Sununu signed an executive order allowing parents and eligible guardians of infants between the ages of 6 weeks and 6 months to bring their child to work, so long as their state agency or department has elected to participate; the worker receives prior written authorization from the agency’s human resource officer; the worker has completed an individualized plan for the infant; there’s no safety hazard or concern to the parent of the infant; and there is limited disruption in the workplace.
Sununu said over 20 state departments and agencies have chosen to participate so far. The program will be based on programs in several other states, including Arizona, Vermont and Washington.
“This initiative can provide working families with options to give their kids the healthiest possible start to life while allowing them to remain in the workforce if they choose to do so,” Sununu said at a news conference.
When asked how many state employees this could affect currently, Sununu said “it’s not that many, to be honest, but part of doing this is we hope it’s more. We’re trying to encourage and attract young people into the workforce.”
The policy says that “habitually disruptive or sick infants are not permitted in the workplace “and that parents participating in the program are required to comply with current state regulations governing child immunizations. The infants shall not be brought to meetings unless approved in advance by the agency’s human resource officer and the meeting organizer.
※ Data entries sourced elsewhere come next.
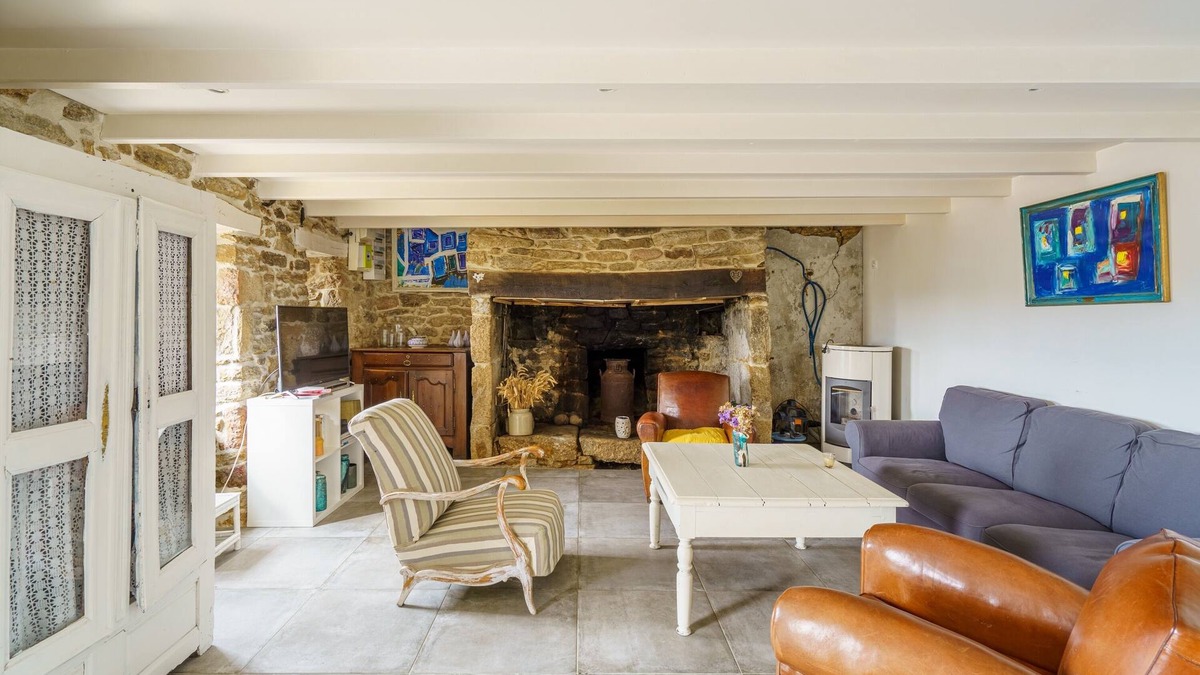 Plozevet House | Maison Bretonne - Proche des plages
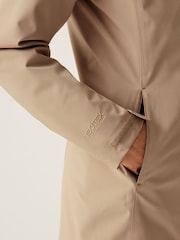 Regatta Cream Womens Denbury V 2-in-1 Waterproof Jacket - Image 5 of 10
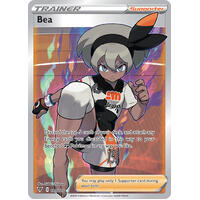 Bea 180/185 Vivid Voltage Full Art Holo Ultra Rare Pokemon Card NEAR MINT TCG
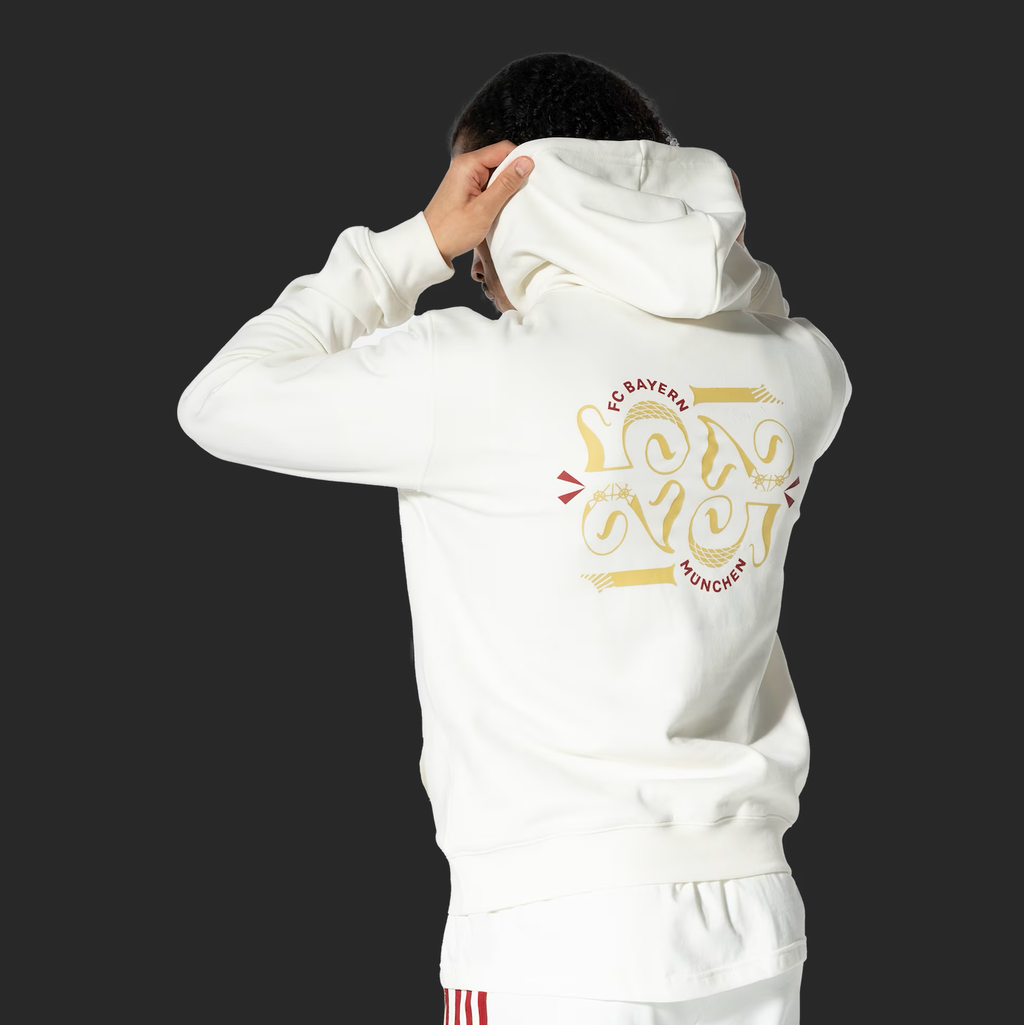 Bayern Munich Hoodie 125th Anniversary - Black
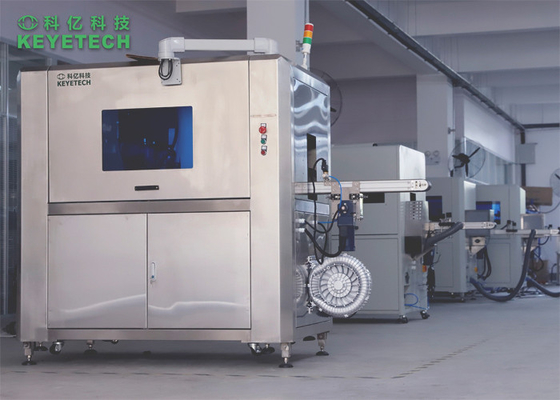 Pharmaceutical Packing Bottle Cap Visual Checking Machine after Assembly Line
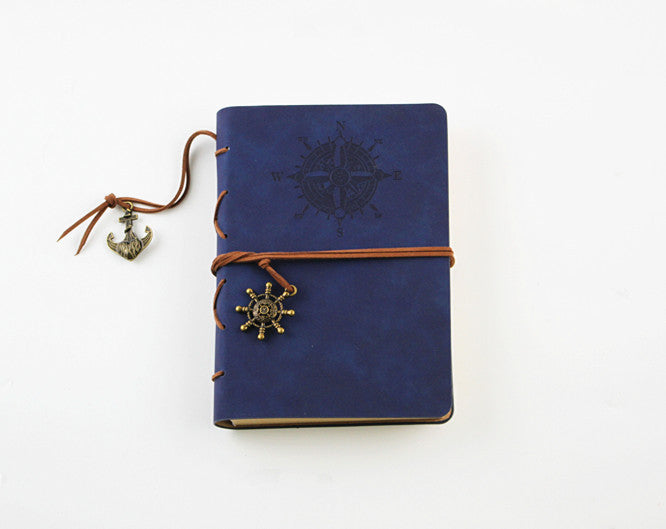 Vintage Creative Leather Pirate Notebook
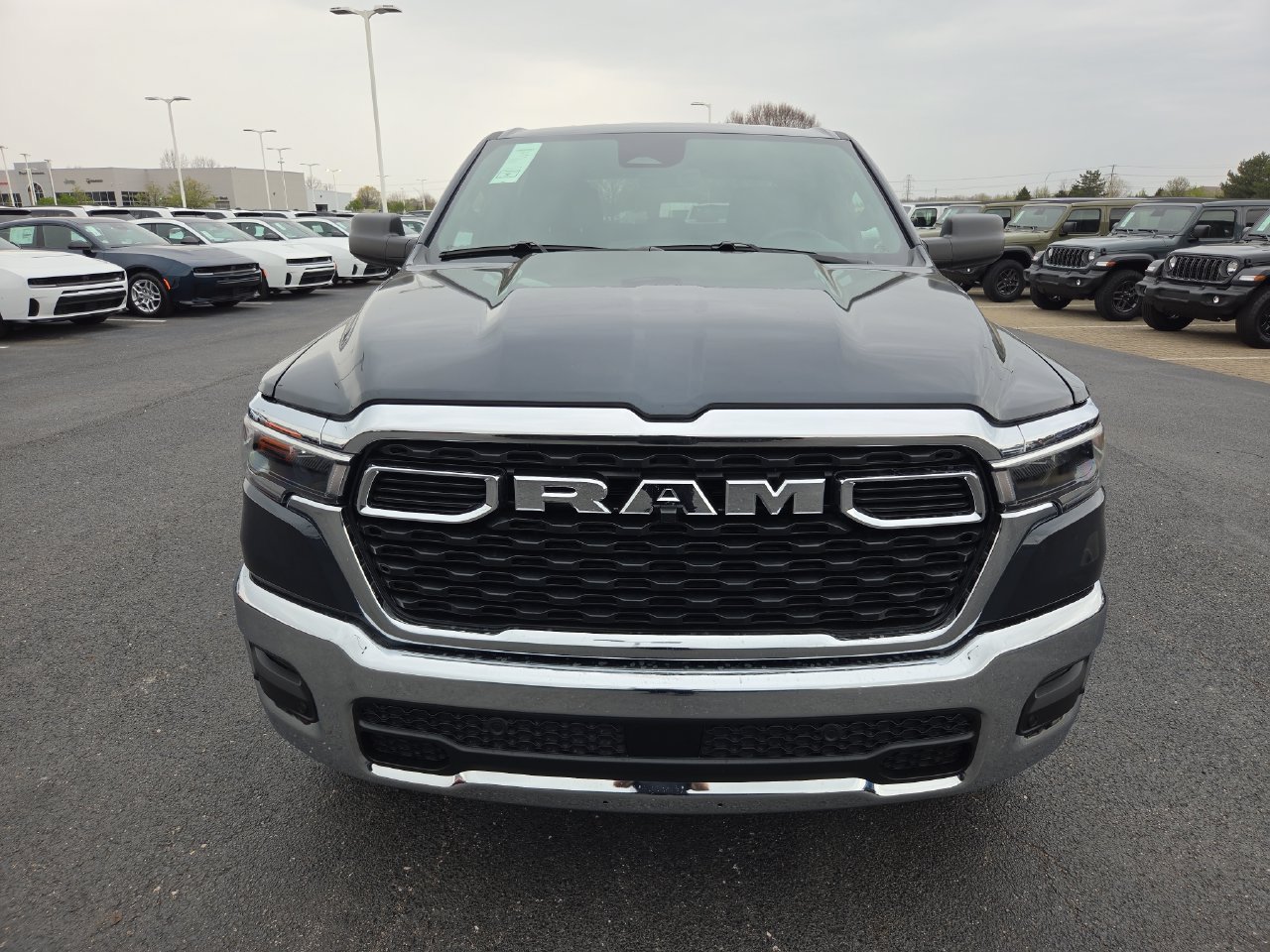 New 2026 RAM 1500 Big Horn AWD/4WD image 2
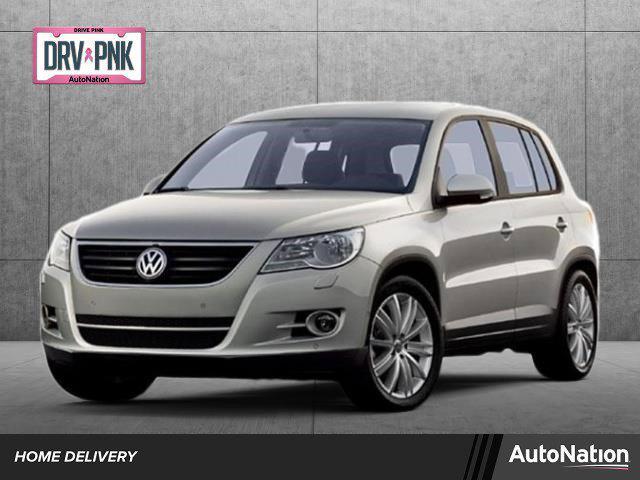 2009 volkswagen tiguan base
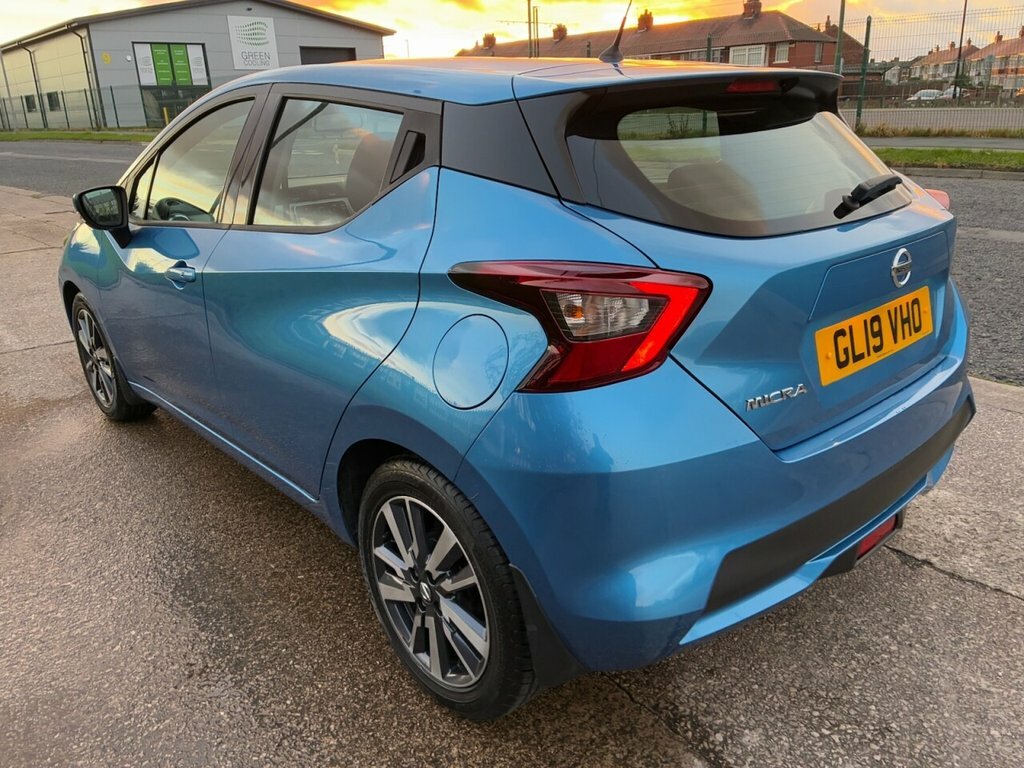 Nissan Micra 0.9L Acenta Blue #4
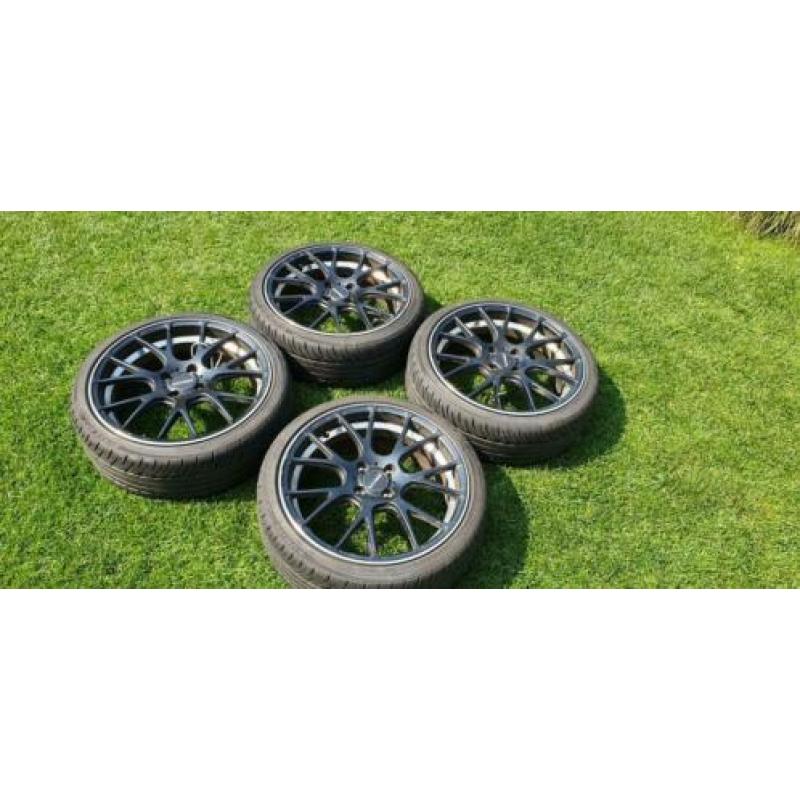 17 inch Monaco velgen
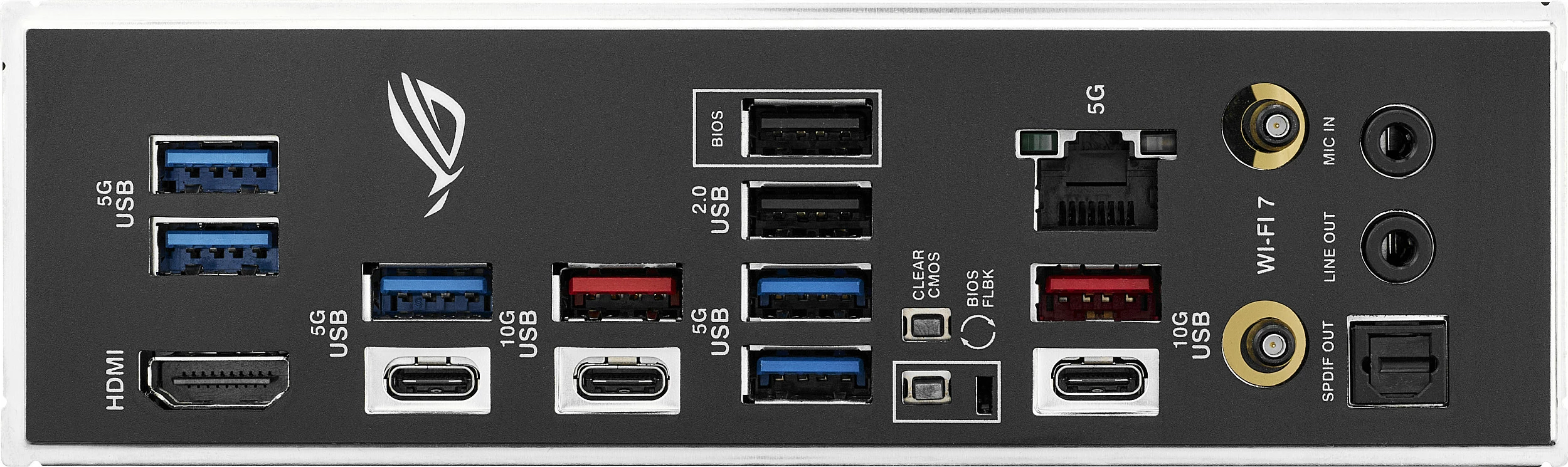 Pllakë amë ASUS ROG STRIX B850-F GAMING WIFI7 NEO, Socket AM5, DDR5, ATX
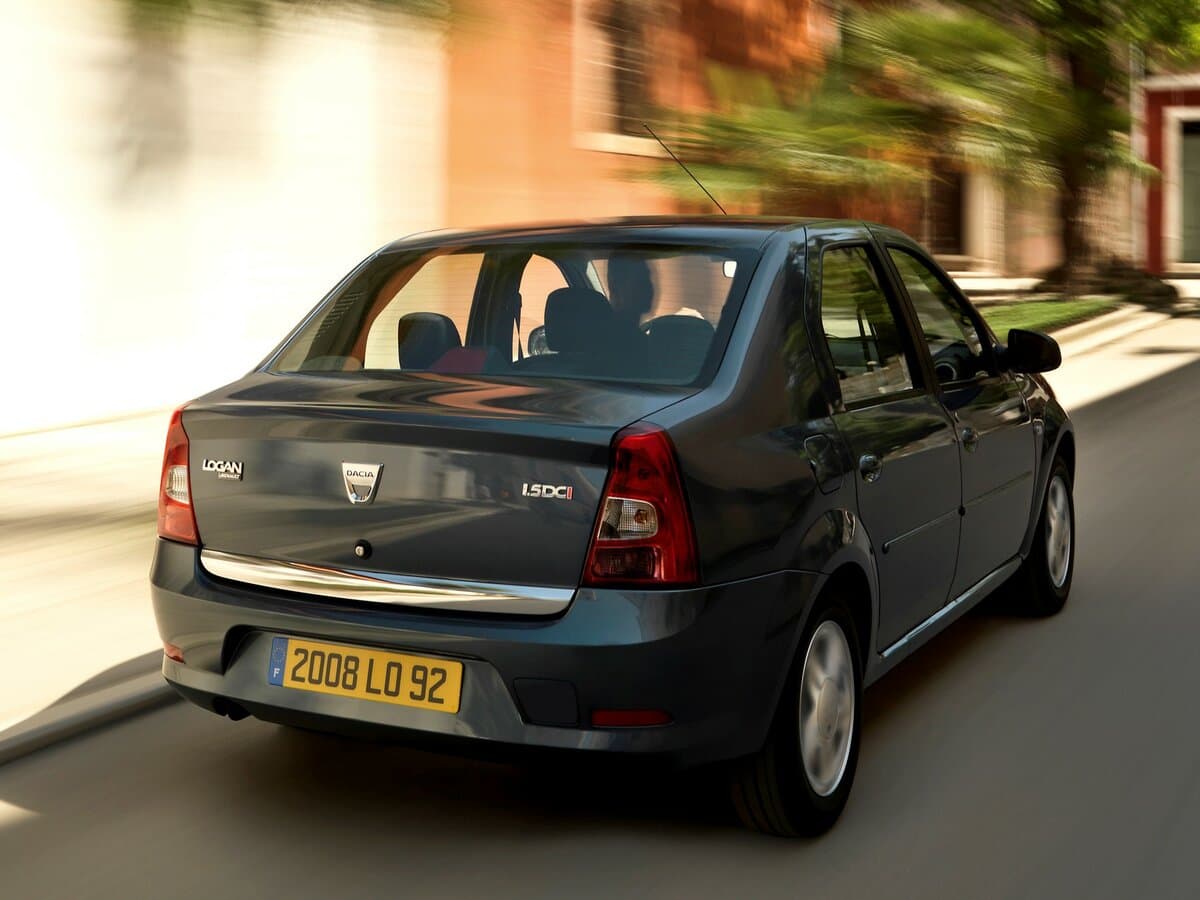 Dacia Logan I — Arxadan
Diaper changes and disposal must take place only in a restroom, the policy said. The employer will provide at least one diaper changing station in their facility. Supervisors must allow lactating mothers flexible schedules to breastfeed and/or express milk.
“This will alleviate a lot of that anxiety” that comes with the stress of being a new parent, said Sarah Stewart, commissioner of the Department of Natural and Cultural Resources who approved the policy. “I look forward to supporting the new moms and dads that work in our department.”
A spokeswoman for New Hampshire’s largest state employee union, the State Employee Association, said the union wasn’t consulted and that there are agencies it doesn’t apply to.